Responses to the Rajbongshi and the Pratidin Time incident are also divided on similar lines - while most of us agree that the regional media has absolutely no ethics, there are those who feel the northeast region is "liberal" in its attitudes and hence, such media reports are flawed because women's clothes are not leered at. Both these accounts are missing out on how the media, like the institution of family, have now given birth to a new form of self-disciplining on the city streets. Owing to the fears of a sudden arrival of the cameraman from out of nowhere, young men and women police themselves to prevent fatal social embarrassments. Shall some legal interventions be made to curb this lethal stalking/harassing/moral policing by the regional media? Only time will tell.
What we must emphasise is the fact that self-disciplining of individuals is brought about by regressive community training, and this must end before the media reforms itself. The objectification of women, voyeurism, and racist phenotyping tells us loud and clear: media is an extension of the deep-seated fears of a patriarchal society.

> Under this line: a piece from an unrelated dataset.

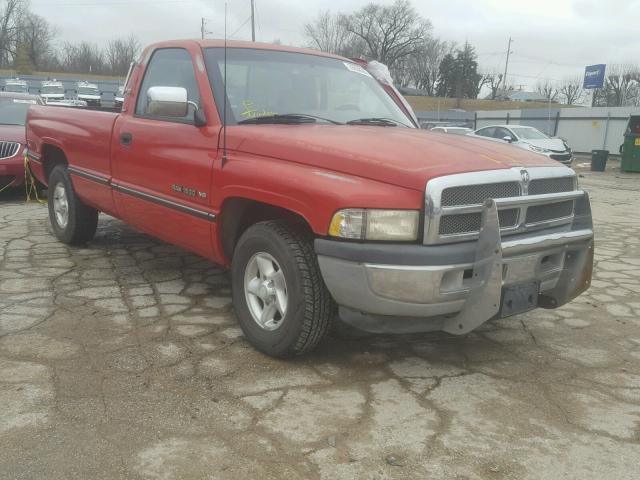 1B7HC16Y4VS126077 - 1997 DODGE RAM 1500 RED photo 1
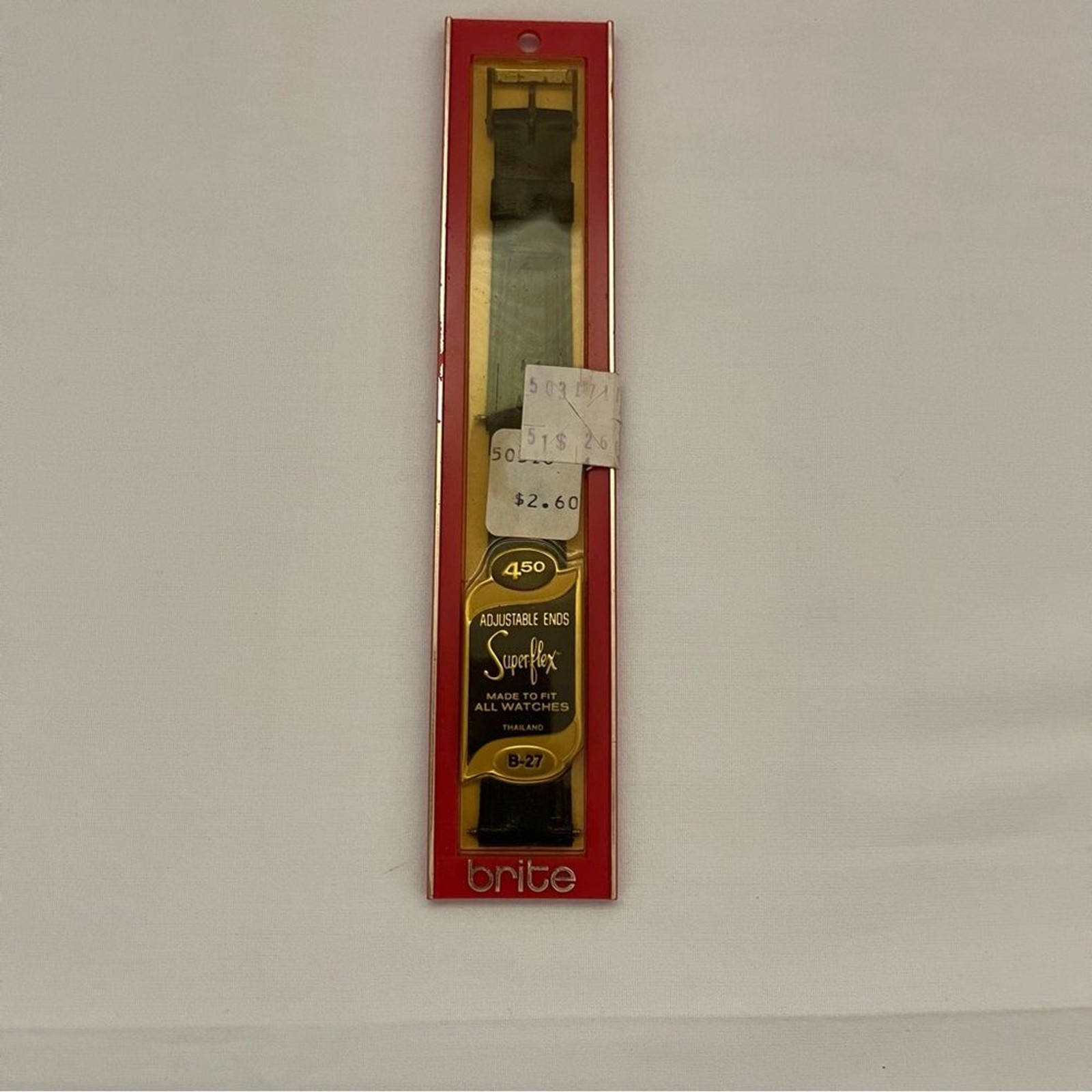 Vintage Superflex Adjustable Watch Band B-27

But in the end, it is not just about patriarchy, it is about how we bow down to dominant power structures and pretend we don't care much about the classes that the media owes its allegiance to.
The regional channels ought to remember that issuing cultural threats only proves to damage the perspective from which younger generations view and understand "Assamese tradition". The greater onus is on writers, cultural activists, intellectuals, journalists and others who must act immediately to address these issues and end senseless, sexist, and unethical journalism.